The hot-data layer is Redis with geospatial commands (GEOADD, GEORADIUS, GEOSEARCH) — these internally use a sorted-set keyed by geohash, with the score being the geohash integer. Sharding is by region (Manhattan, San Francisco, Tokyo are separate Redis clusters); within a region, by geohash-prefix. The full picture sits behind a "location service" layer that abstracts the storage so the dispatch loop sees a single nearbyDrivers(lat, lng, radius_m) RPC.

4 · API and data model

External APIs (rider / driver apps)

// Driver side
PUT  /driver/v1/heartbeat
  body: { driver_id, lat, lng, heading, state: "available|busy|offline" }
  response: { acknowledged_at }

POST /driver/v1/trip/{trip_id}/accept       // driver responds to dispatch
POST /driver/v1/trip/{trip_id}/decline
POST /driver/v1/trip/{trip_id}/arrive

// Rider side
POST /rider/v1/trip
  body: { rider_id, pickup_lat, pickup_lng, dest_lat, dest_lng, vehicle_type }
  response: { trip_id, status, estimated_pickup_seconds, surge_multiplier }

GET  /rider/v1/trip/{trip_id}               // poll; or use websocket push
POST /rider/v1/trip/{trip_id}/cancel

Core tables (just the columns that matter)

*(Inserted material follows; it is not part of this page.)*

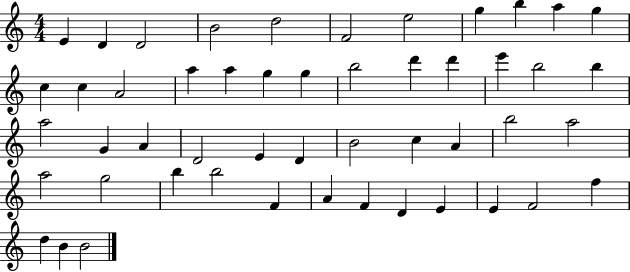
E4/q D4/q D4/h B4/h D5/h F4/h E5/h G5/q B5/q A5/q G5/q C5/q C5/q A4/h A5/q A5/q G5/q G5/q B5/h D6/q D6/q E6/q B5/h B5/q A5/h G4/q A4/q D4/h E4/q D4/q B4/h C5/q A4/q B5/h A5/h A5/h G5/h B5/q B5/h F4/q A4/q F4/q D4/q E4/q E4/q F4/h F5/q D5/q B4/q B4/h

drivers           (id PK, name, vehicle_type, rating, current_region)
driver_status     (driver_id PK, state, last_heartbeat_at, last_lat, last_lng)
trips             (id PK, rider_id, driver_id, state, requested_at, pickup_geohash,
                   dropoff_geohash, surge_multiplier, fare, region)
trip_events       (trip_id, ts, event_type, payload_json)    -- the audit log
dispatch_queue    (trip_id PK, attempts, last_offered_driver_id, expires_at)
regional_surge    (region, multiplier, updated_at)

Two tiers of storage. Hot tier: Redis (driver positions, dispatch queue). Warm tier: a sharded SQL store like Vitess or a managed Spanner (trips, trip_events). The trip_events table is append-only and is the source of truth for the trip lifecycle — every state change is a row.

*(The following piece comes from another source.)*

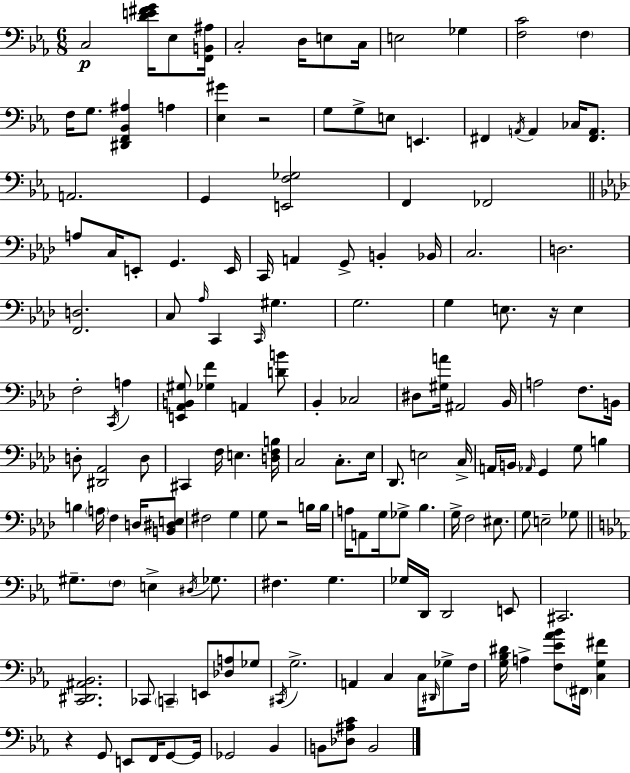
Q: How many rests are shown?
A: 4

5 · High-level architecture

The dispatch service is the hot path. It calls the location service to find nearby drivers, asks surge for the regional multiplier, asks maps for ETA, and writes the trip lifecycle to Spanner / Vitess. Driver heartbeats flow directly to the location service (skipping the API gateway's per-request auth — the gateway is bypassed by an internal heartbeat ingest, secured with mTLS).

6 · Deep dive — the dispatch loop

This is the part interviewers will probe. The loop is short to describe but has six distinct race conditions.

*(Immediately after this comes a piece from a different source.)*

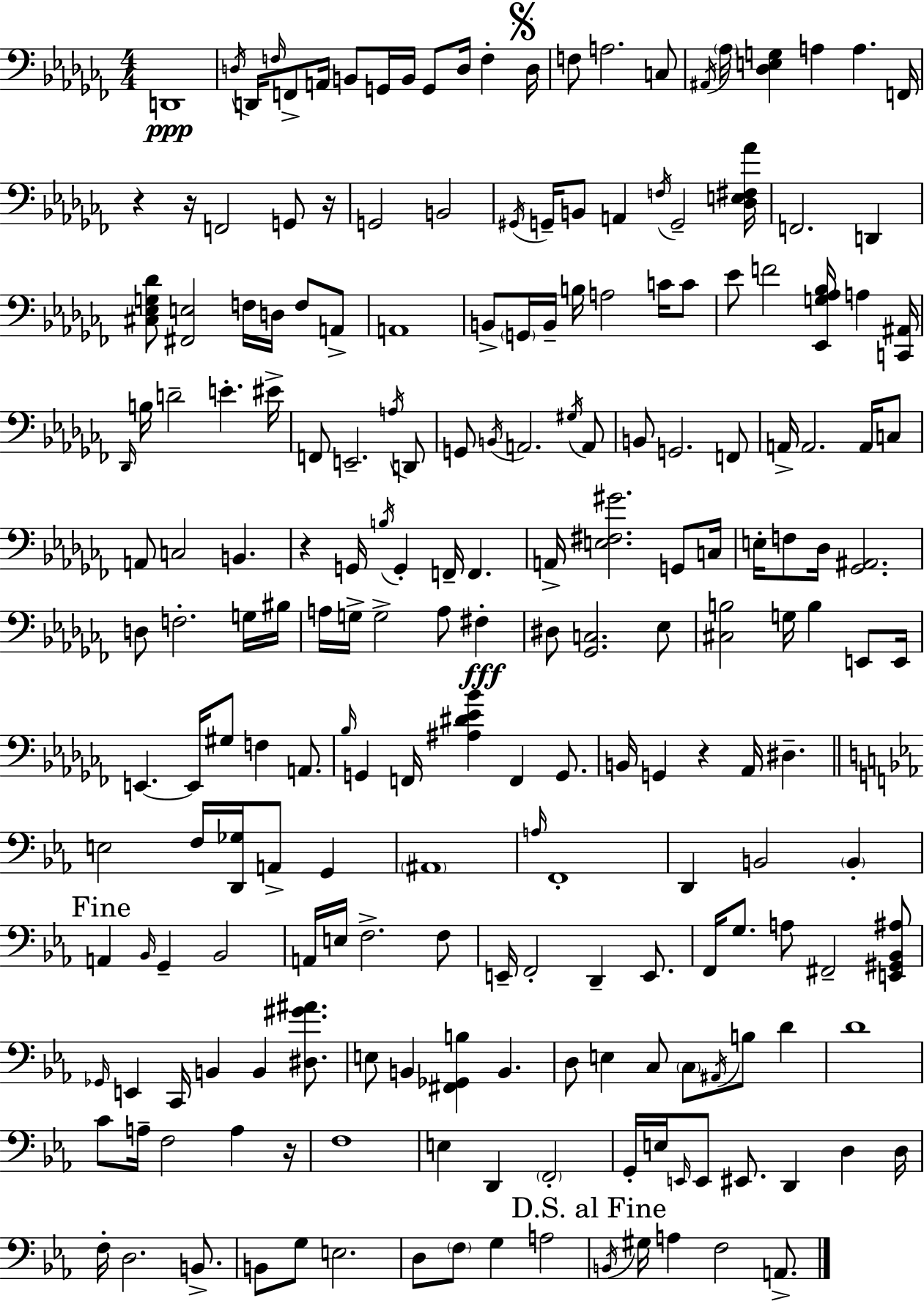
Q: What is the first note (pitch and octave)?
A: D2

The happy path, sequentially

Rider's POST hits the trip service; trip is created with state PENDING_DISPATCH and assigned an idempotency key.
Trip service emits to a per-region Kafka topic; the regional dispatch worker picks it up.
Dispatch worker asks the location service: "nearbyDrivers(pickup_lat, pickup_lng, radius=1.5 km, max=10, type=UberX)".
Worker ranks the candidates — heuristic: ETA + driver acceptance rate + match-fairness score. Picks the top one.
Worker reserves the driver in Redis with a TTL (10 s), changes trip state to OFFERED, and pushes the offer to the driver app over WebSocket.
Driver app responds ACCEPT (or doesn't). On accept: state → ASSIGNED, ride lifecycle begins. On decline / timeout: release the reservation, pick the next candidate, re-offer (up to N tries, then expand the radius).
Trip state moves through ARRIVING → PICKED_UP → ON_TRIP → COMPLETED as the driver app posts events.

The six races

Race	How it manifests	Mitigation
Two riders, one driver	Two dispatch workers offer the same driver simultaneously	Atomic `SETNX` on the driver-reservation key. The loser falls back to the next candidate.
Driver double-accepts	Network retry on accept RPC	Accept is idempotent on (driver_id, trip_id). Second accept returns the same state.
Stale driver heartbeat	Driver's phone died; index still shows them as available	TTL on heartbeat entries — 15 seconds. Stale entries auto-expire from the geo index.
Rider cancels mid-dispatch	Rider taps cancel after offer sent but before driver accept	Cancel atomically transitions trip state. Driver-app receives `OFFER_REVOKED` push; dispatch loop exits.
Driver app crashes mid-trip	Trip in `ON_TRIP` but no heartbeats arriving	Separate "trip health" worker watches for missing-heartbeat-during-trip; alerts the safety team after 60 s.
Region surge spike	Demand suddenly 10×; every dispatch loop expands radius and exhausts candidates	Surge service raises the multiplier; some riders drop out at the new price; supply re-equilibrates. Slow but self-stabilising.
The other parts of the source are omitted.